> TASK DETAILS
Could you set down the full listing, unchanged?

######

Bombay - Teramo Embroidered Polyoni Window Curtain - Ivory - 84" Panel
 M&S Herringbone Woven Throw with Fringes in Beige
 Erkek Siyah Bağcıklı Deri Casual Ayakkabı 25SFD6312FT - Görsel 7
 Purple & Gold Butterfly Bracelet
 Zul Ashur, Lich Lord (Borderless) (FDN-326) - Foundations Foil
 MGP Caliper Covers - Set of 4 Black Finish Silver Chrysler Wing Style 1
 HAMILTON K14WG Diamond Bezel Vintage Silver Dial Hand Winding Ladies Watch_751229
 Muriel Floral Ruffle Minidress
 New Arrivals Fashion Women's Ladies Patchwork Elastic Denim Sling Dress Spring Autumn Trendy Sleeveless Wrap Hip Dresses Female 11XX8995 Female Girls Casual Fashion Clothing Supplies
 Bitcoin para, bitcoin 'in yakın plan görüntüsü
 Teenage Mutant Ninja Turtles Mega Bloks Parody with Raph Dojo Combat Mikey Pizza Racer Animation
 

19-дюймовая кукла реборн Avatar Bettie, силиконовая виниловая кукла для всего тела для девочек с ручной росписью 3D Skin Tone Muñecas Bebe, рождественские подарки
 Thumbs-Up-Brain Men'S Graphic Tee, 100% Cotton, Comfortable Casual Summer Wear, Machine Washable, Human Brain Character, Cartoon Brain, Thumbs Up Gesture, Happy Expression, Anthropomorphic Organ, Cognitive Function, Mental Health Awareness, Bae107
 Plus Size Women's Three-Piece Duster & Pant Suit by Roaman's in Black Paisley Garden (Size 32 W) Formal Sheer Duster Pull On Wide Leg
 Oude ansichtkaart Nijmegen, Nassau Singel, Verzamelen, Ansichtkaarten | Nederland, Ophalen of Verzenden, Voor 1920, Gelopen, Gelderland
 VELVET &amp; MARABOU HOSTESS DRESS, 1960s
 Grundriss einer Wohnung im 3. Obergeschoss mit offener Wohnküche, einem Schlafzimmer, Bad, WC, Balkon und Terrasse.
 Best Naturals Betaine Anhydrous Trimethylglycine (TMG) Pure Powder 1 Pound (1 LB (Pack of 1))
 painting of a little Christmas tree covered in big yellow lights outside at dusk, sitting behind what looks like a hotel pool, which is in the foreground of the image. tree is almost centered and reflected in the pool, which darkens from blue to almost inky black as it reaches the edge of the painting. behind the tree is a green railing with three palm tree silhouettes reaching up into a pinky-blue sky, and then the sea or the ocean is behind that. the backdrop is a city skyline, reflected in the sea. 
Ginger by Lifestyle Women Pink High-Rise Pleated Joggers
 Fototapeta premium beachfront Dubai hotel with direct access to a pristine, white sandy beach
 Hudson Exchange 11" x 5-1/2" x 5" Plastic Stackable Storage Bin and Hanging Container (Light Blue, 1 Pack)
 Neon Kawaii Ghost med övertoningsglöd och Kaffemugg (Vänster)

######

> COMPLETED EXERCISE
Bombay - Teramo Embroidered Polyoni Window Curtain - Ivory - 84" Panel
 M&S Herringbone Woven Throw with Fringes in Beige
 Erkek Siyah Bağcıklı Deri Casual Ayakkabı 25SFD6312FT - Görsel 7
 Purple & Gold Butterfly Bracelet
 Zul Ashur, Lich Lord (Borderless) (FDN-326) - Foundations Foil
 MGP Caliper Covers - Set of 4 Black Finish Silver Chrysler Wing Style 1
 HAMILTON K14WG Diamond Bezel Vintage Silver Dial Hand Winding Ladies Watch_751229
 Muriel Floral Ruffle Minidress
 New Arrivals Fashion Women's Ladies Patchwork Elastic Denim Sling Dress Spring Autumn Trendy Sleeveless Wrap Hip Dresses Female 11XX8995 Female Girls Casual Fashion Clothing Supplies
 Bitcoin para, bitcoin 'in yakın plan görüntüsü
 Teenage Mutant Ninja Turtles Mega Bloks Parody with Raph Dojo Combat Mikey Pizza Racer Animation
 

19-дюймовая кукла реборн Avatar Bettie, силиконовая виниловая кукла для всего тела для девочек с ручной росписью 3D Skin Tone Muñecas Bebe, рождественские подарки
 Thumbs-Up-Brain Men'S Graphic Tee, 100% Cotton, Comfortable Casual Summer Wear, Machine Washable, Human Brain Character, Cartoon Brain, Thumbs Up Gesture, Happy Expression, Anthropomorphic Organ, Cognitive Function, Mental Health Awareness, Bae107
 Plus Size Women's Three-Piece Duster & Pant Suit by Roaman's in Black Paisley Garden (Size 32 W) Formal Sheer Duster Pull On Wide Leg
 Oude ansichtkaart Nijmegen, Nassau Singel, Verzamelen, Ansichtkaarten | Nederland, Ophalen of Verzenden, Voor 1920, Gelopen, Gelderland
 VELVET &amp; MARABOU HOSTESS DRESS, 1960s
 Grundriss einer Wohnung im 3. Obergeschoss mit offener Wohnküche, einem Schlafzimmer, Bad, WC, Balkon und Terrasse.
 Best Naturals Betaine Anhydrous Trimethylglycine (TMG) Pure Powder 1 Pound (1 LB (Pack of 1))
 painting of a little Christmas tree covered in big yellow lights outside at dusk, sitting behind what looks like a hotel pool, which is in the foreground of the image. tree is almost centered and reflected in the pool, which darkens from blue to almost inky black as it reaches the edge of the painting. behind the tree is a green railing with three palm tree silhouettes reaching up into a pinky-blue sky, and then the sea or the ocean is behind that. the backdrop is a city skyline, reflected in the sea. 
Ginger by Lifestyle Women Pink High-Rise Pleated Joggers
 Fototapeta premium beachfront Dubai hotel with direct access to a pristine, white sandy beach
 Hudson Exchange 11" x 5-1/2" x 5" Plastic Stackable Storage Bin and Hanging Container (Light Blue, 1 Pack)
 Neon Kawaii Ghost med övertoningsglöd och Kaffemugg (Vänster)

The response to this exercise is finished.